Helena

Helena, que é tantas pessoas, está presa em um labirinto.

Publicado em 28/06/2017

Enquanto começo a escrever esse texto, penso afetuosamente nas pessoas que o inspiraram.

Vejo seus olhos, um ao lado do outro. Percebo que são incrivelmente semelhantes. Todos olhos úmidos e incrivelmente negros, brilhantes, com seu ar de incompreensão.

À essas pessoas escrevo esse fragmento (que é pouquíssimo), pois sinto que sou, a cada um em uma medida, omisso e insuficiente ao deixar de expressar suas importâncias, que são absolutas. Experimento, como em uma colherada de suas essências, um sentimento claro de amor. Amor brando e persistente, constante e tímido em sua expressão.

Nas brumas de meu pensamento surge uma imagem, sem ser convidada: é Helena, que primeiro aparece como a princesa de Tróia. Ela se encontra em pé, perdida no deserto.

Helena tem olhos negros e úmidos como os daqueles que há pouco descrevi, e seu rosto ostenta os mesmos traços que deram origem à aisthésis grega.

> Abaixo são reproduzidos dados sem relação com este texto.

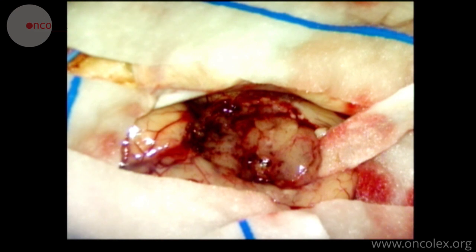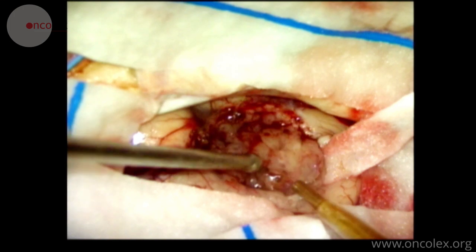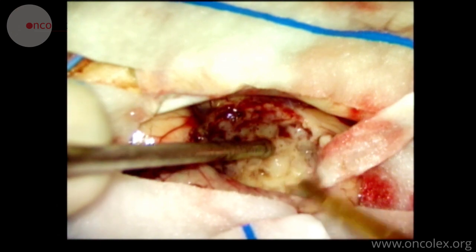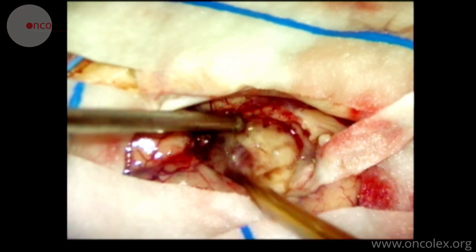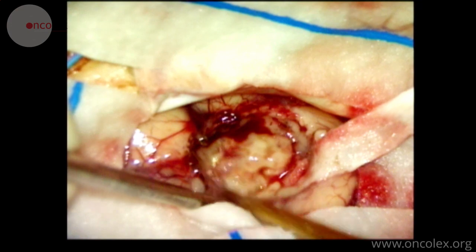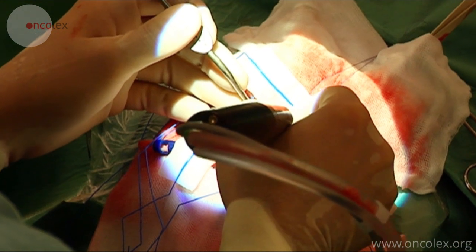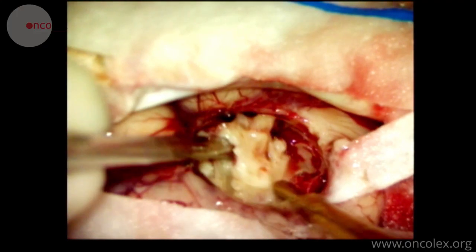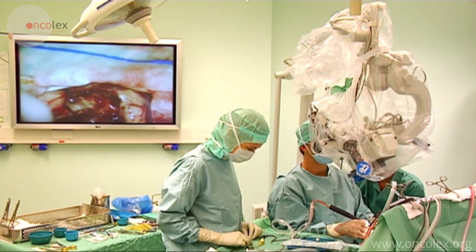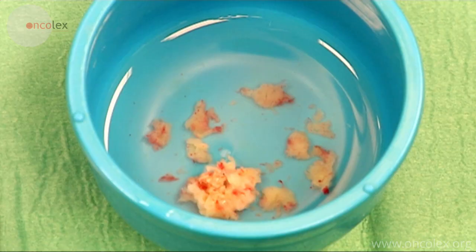All visible tumor tissue is resected using the Cavitron ultrasound unit. This instrument hits the tumor tissue with ultrasound waves while simultaneously flushing and sucking. Here we see several bits of the tumor.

Esse rosto que há pouco se fez tão material começa logo a se esvair, muda de forma junto das dunas esculpidas pelo vento, Helena não é mais troiana, mas apenas uma alma antiga que passa por incontáveis corpos, e seu nariz se alonga, suas maçãs do rosto se alargam, diminuem, Helena envelhece e logo fica mais nova, seu rosto inconstante exceto pelos olhos, que são sempre os mesmos olhos negros, negros escuros, brilhantes.

Helena fecha seus olhos e respira fundo. Quando os abre novamente, está em uma sala. A sala é vazia e tem apenas duas portas. Ela toca seu rosto e percebe que não muda mais, mas não sabe quem é. Ao girar a maçaneta, se vê em um quarto. Uma penteadeira, um espelho, uma cama gigantesca e mais uma porta se encontram a sua frente.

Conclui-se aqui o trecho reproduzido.